--- Data ---

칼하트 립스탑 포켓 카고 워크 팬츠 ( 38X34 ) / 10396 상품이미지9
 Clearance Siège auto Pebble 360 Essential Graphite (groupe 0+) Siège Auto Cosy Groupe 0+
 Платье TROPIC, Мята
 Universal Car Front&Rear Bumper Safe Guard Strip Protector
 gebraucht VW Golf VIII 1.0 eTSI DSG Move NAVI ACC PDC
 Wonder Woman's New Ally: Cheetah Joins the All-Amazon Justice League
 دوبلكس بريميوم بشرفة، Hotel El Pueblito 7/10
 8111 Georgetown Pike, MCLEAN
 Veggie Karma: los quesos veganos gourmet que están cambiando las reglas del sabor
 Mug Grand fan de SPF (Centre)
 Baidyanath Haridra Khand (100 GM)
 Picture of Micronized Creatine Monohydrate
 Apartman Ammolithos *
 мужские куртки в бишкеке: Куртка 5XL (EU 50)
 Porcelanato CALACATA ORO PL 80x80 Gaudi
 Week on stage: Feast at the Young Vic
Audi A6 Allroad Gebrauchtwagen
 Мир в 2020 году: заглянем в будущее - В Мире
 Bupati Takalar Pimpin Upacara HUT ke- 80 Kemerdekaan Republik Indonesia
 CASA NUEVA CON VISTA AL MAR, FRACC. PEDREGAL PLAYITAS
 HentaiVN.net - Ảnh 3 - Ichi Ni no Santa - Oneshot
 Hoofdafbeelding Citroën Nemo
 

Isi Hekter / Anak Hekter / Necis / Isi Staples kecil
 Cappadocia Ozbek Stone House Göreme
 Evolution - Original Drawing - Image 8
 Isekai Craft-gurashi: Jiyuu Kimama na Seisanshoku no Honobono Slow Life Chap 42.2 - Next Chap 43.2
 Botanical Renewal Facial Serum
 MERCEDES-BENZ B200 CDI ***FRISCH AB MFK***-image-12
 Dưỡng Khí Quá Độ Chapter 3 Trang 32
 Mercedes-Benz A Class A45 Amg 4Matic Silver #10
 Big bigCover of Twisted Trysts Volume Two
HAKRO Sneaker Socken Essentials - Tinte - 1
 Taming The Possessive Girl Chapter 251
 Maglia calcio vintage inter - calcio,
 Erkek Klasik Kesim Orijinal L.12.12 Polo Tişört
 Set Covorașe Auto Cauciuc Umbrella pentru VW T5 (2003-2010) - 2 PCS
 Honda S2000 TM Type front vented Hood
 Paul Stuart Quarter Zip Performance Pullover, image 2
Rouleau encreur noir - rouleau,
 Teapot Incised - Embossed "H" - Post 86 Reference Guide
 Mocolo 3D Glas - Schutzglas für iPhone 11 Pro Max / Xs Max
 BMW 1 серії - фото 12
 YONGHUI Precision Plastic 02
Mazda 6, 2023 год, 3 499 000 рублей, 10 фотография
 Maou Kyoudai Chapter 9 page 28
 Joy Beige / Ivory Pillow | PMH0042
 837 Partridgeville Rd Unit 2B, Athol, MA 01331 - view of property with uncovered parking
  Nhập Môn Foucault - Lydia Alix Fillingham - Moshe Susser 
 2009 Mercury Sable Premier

---

Required work: All lines of the records above that carry the word "Auto" should be listed.

Output below:
 Clearance Siège auto Pebble 360 Essential Graphite (groupe 0+) Siège Auto Cosy Groupe 0+
 Set Covorașe Auto Cauciuc Umbrella pentru VW T5 (2003-2010) - 2 PCS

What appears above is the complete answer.